Verne Chandler had just passed away.

“IT’S HARD TO UNDERSTAND exactly how the mind works in times of emotional stress,” June was saying as her fingers played with the edge of the napkin Annie had placed by her teacup half an hour before. “Or why it’s different for different people.”

“But you knew what Dad did…his choice…wasn’t your fault,” Annie said. Even as she said the words, she was angry with herself for the double standard she’d held all these years. Her mother had been the quintessential wife, supportive through good times and bad, patient

. Laughing with her husband through his good times—and supporting, encouraging him, pulling him up when he fell into the darkness.She’d loved Annie’s father with every ounce of her being.

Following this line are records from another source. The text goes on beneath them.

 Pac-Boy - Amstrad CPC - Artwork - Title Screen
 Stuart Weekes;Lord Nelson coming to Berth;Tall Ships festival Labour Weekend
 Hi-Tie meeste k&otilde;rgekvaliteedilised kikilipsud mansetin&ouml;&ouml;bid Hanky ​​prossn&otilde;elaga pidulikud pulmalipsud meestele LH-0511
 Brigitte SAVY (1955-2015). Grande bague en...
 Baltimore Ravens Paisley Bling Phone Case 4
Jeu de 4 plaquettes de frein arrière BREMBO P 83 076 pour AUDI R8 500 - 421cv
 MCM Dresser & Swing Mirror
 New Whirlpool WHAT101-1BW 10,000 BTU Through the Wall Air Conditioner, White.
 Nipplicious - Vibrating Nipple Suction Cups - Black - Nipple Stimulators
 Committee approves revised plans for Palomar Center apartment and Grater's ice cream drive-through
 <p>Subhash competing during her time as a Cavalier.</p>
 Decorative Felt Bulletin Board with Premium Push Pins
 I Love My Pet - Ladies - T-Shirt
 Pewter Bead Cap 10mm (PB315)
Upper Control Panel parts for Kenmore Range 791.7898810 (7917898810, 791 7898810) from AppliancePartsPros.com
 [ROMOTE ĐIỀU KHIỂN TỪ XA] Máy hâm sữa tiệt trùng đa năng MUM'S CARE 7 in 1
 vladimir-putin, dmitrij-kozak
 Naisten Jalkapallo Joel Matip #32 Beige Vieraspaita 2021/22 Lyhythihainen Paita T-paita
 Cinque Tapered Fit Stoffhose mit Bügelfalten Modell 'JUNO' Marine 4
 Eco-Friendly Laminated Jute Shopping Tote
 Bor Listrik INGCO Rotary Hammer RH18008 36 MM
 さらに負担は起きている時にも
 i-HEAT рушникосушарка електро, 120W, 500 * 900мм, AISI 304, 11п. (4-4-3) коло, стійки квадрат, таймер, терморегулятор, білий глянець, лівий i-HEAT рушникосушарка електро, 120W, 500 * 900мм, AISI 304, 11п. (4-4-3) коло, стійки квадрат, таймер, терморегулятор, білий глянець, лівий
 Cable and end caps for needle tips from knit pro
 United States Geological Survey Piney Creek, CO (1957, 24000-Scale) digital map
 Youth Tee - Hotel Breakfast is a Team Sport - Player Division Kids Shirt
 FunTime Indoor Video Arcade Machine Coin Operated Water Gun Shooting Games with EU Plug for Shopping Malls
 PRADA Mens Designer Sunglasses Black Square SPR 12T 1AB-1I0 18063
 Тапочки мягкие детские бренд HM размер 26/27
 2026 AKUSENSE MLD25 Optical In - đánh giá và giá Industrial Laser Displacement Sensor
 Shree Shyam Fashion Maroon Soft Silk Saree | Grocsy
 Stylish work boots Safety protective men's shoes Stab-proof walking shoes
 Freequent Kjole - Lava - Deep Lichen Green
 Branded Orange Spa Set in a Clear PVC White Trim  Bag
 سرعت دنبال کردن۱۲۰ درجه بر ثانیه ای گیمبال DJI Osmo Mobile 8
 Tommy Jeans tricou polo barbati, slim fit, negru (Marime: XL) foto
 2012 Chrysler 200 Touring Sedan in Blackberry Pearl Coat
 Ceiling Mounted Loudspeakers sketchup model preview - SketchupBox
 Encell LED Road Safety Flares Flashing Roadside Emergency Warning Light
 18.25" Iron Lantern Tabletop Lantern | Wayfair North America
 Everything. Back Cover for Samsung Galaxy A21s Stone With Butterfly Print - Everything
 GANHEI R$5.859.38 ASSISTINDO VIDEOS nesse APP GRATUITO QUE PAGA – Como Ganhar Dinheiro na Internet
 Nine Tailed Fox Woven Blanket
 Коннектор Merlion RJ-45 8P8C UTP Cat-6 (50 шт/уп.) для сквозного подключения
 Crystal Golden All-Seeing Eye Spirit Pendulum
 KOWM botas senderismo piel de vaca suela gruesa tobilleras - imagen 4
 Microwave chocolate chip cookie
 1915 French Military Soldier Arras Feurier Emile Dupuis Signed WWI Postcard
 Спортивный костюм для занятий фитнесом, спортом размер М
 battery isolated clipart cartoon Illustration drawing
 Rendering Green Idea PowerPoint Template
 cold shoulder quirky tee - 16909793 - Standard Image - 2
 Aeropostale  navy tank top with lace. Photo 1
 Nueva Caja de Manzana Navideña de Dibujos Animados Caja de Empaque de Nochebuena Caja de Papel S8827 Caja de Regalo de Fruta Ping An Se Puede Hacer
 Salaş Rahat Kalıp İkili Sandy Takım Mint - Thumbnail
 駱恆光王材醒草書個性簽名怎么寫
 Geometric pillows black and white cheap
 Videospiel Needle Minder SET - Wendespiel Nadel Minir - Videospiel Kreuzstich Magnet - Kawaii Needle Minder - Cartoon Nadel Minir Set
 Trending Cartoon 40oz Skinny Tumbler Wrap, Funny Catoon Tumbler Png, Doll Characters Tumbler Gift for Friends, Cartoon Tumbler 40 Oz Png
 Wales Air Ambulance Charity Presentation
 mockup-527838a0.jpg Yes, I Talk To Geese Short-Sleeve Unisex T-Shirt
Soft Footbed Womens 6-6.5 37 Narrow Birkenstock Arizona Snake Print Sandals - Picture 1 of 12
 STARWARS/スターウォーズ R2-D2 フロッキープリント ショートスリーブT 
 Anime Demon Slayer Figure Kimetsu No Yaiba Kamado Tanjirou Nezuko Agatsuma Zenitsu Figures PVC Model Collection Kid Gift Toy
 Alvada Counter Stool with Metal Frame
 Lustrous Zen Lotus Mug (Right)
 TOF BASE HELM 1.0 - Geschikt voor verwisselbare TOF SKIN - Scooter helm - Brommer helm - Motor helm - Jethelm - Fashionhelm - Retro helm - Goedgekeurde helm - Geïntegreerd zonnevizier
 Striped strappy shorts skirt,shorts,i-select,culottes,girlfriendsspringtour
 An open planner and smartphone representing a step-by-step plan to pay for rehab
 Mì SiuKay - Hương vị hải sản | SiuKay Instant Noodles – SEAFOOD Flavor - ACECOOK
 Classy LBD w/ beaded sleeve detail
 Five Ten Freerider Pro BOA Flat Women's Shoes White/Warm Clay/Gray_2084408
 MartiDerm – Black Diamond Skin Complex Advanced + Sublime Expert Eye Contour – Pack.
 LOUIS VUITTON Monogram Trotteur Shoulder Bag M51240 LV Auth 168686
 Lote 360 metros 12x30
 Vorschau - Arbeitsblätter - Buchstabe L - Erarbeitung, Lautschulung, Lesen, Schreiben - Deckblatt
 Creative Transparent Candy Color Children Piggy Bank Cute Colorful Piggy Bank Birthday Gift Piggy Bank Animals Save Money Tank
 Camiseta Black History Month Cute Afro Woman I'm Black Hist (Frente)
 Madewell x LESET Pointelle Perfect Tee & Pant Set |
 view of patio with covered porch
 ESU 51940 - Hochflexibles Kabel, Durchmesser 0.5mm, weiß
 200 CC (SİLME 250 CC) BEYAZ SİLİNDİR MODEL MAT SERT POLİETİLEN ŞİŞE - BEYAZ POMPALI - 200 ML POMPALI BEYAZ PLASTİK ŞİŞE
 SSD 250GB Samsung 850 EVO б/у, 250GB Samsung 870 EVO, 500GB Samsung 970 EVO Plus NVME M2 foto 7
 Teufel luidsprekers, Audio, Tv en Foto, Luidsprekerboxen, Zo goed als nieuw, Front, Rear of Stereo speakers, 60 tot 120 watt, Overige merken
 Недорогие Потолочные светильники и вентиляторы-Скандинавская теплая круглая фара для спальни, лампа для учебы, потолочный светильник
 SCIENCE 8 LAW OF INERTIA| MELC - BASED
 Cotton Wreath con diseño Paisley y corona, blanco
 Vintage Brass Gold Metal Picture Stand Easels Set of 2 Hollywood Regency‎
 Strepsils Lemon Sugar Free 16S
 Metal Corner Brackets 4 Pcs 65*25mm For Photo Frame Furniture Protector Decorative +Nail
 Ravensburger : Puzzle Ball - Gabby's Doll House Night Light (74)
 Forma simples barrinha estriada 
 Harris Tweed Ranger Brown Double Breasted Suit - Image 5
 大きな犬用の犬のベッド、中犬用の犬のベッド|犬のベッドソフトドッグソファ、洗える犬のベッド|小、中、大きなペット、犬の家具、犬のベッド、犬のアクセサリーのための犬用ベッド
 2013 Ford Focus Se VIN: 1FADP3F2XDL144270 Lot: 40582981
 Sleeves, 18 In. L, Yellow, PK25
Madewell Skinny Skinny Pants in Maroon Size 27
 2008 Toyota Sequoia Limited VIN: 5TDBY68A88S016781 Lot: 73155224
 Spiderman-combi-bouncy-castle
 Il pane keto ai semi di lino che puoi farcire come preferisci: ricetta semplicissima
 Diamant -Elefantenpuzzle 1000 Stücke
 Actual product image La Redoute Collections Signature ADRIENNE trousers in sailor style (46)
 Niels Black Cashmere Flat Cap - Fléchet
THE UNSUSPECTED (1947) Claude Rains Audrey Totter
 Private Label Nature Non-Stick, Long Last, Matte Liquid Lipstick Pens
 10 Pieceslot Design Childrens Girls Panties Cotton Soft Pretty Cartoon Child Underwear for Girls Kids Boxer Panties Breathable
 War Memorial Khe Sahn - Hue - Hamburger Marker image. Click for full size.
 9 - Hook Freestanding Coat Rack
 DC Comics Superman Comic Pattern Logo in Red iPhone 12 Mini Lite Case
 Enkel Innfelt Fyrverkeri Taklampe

Which was why she’d taken his death so hard. Grieved for years, at the expense of the children he’d left behind.

Wasn’t that it?

It had never occurred to Annie that her mother might have blamed herself. But why not? If a thirteen-year-old girl could take the blame, why couldn’t a grown woman? One who was closest to him?

Annie had been through all the counseling. Understood that the loved ones left behind to grieve suicide victims almost always went through some stage of guilt.

So why had that never applied, in Annie’s mind, to her mother?

“I assume Reverend Wayne set you straight on that,” she said now, still angry. With herself. And maybe with her mother, too. Why hadn’t June been home, sharing all of this with her children? Why hadn’t they been able to grieve, and heal, together? As a family?

June’s gaze fell, her lips straightening, as she shook her head. “Reverend Wayne was asked to leave the church, did you know that?” she murmured, seemingly from left field.

“Since he was transferred, you mean?”

“No.” June looked at her, and Annie hardly recognized the steady look in her eyes. The determination. “He wasn’t transferred. He was asked to leave.”

“Fired?”

June nodded.

“Way back when Reverend Mary came?”

“Yes.”

“Why?” Suddenly aware that she was going to hear something significant, Annie wasn’t sure she was ready.

CHAPTER THIRTEEN

“WAYNE RICHARDS WASN’T a bad man,” June said, and Annie instantly believed he was. Before she even knew what her mother was going to tell her. He’d brought the slump back to June’s shoulders, and that was enough for Annie to dislike the man.

“What’d he do?” She couldn’t wait for an answer before she said, “He didn’t molest you, did he?”“No.” June’s smile was bittersweet. “I almost wish he had.”

“What? Why?”

“Something like that would have been easy to identify. To put a name to, to understand, to see.”

“But…”

“Wayne was a power junkie.” June’s voice took on an odd note—one of a gentle strength, as though it had been hard-won and still wasn’t sure it belonged where it had ended up. “And I was a perfect target for his addiction.”

Annie poured more tea for both of them, wanting to take her mother’s hand, as she had Becky’s the other night, but not quite sure how to do that. How to cross the years of separation she’d erected between them.

“The more he kept me weak, the stronger he felt,” June said.